Nel prendere in esame l’evoluzione degli eventi alluvionali avvenuti in Europa negli ultimi decenni, l’Agenzia europea per l’ambiente, nel numero 1/2005 di EEA Briefing, illustra i fattori che hanno un ruolo nell’aumento delle alluvioni improvvise, che rappresentano, per l’Europa, la forma più comune di catastrofe naturale. Secondo la banca dati EM-DATA sulle catastrofi, nel periodo 1998-2002 , le alluvioni hanno costituito il 43% di tutte le catastrofi che si sono verificate. Secondo l’Agenzia europea per l’ambiente, si prevede che il cambiamento climatico, compresa la crescente frequenza di piogge intense , provocherà in talune aree straripamenti di fiumi ancor più frequenti.

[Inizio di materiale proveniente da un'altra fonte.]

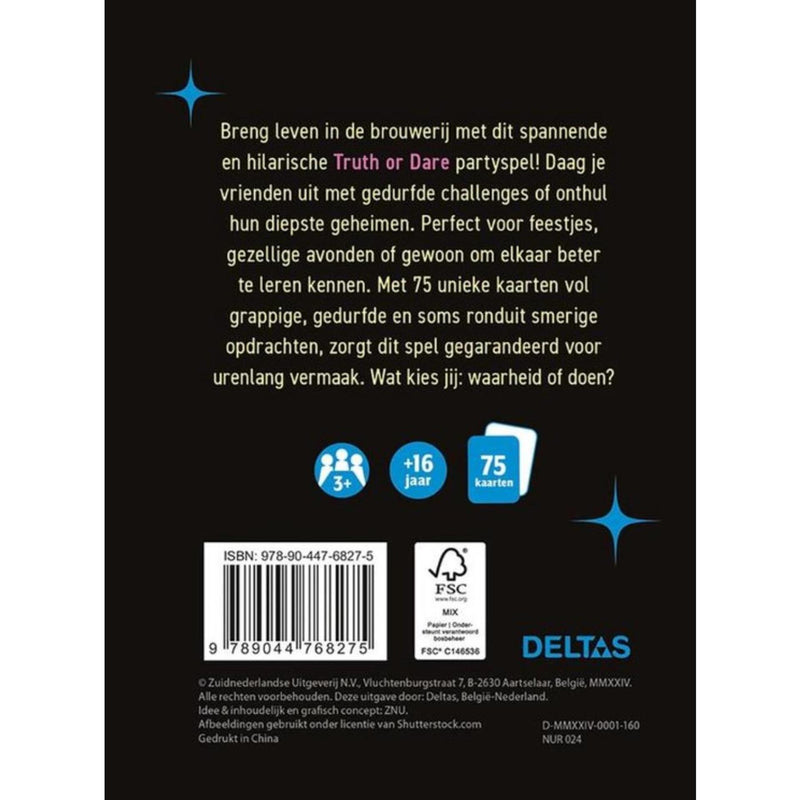 ギャラリービューアに画像をロードする, Deltas truth or dare - partyspel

In particolare si prevede altresì un aumento del numero di gravi fenomeni di piena, istantanei e localizzati, che comporterà un probabile aumento del rischio di vittime. Inoltre, si legge nella scheda dell’Agenzia , la frequenza, l’ubicazione e l’intensità delle inondazioni variano in funzione delle variazioni delle precipitazioni stagionali e regionali e di altre condizioni atmosferiche nonchè dei cambiamenti climatici a più lungo termine. Anche l’attività umana svolge un suo ruolo. La deforestazione, ad esempio, nelle regioni montagnose accelera il fenomeno di ruscellamento, aumentando in tal modo le probabilità di inondazioni. Lo sviluppo urbano, inoltre, in antiche pianure alluvionali probabilmente accresce l’ampiezza degli impatti negativi delle inondazioni nell’area stessa e aumenta la probabilità di inondazione a valle a causa della “canalizzazione” dei fiumi. Il cambiamento climatico nel continente europeo sta influenzando e cambiando le alluvioni, rendendole sempre più devastanti e frequenti nell’Europa nord-occidentale, e riducendole in quella meridionale e orientale. Lo ha verificato uno studio pubblicato sulla rivista Nature, coordinato dall’università di Vienna, a cui hanno partecipato 35 gruppi di ricerca di 24 paesi europei. Attraverso i dati raccolti, tra il 1960 e il 2010, da 3738 stazioni di monitoraggio alluvionale in Europa, si “è avuta la conferma di ciò che si sospettava da tempo, cioè che il cambiamento climatico ha un impatto sull’entità delle alluvioni, dal momento che un’atmosfera più calda immagazzina più acqua – commenta Gunter Bloschl, coordinatore dello studio – Ma non è questo l’unico effetto”. Nell’Europa centrale e nord-occidentale, tra Islanda e Alpi, le alluvioni sono in aumento per via dell’incremento delle piogge e del suolo che diventa più umido.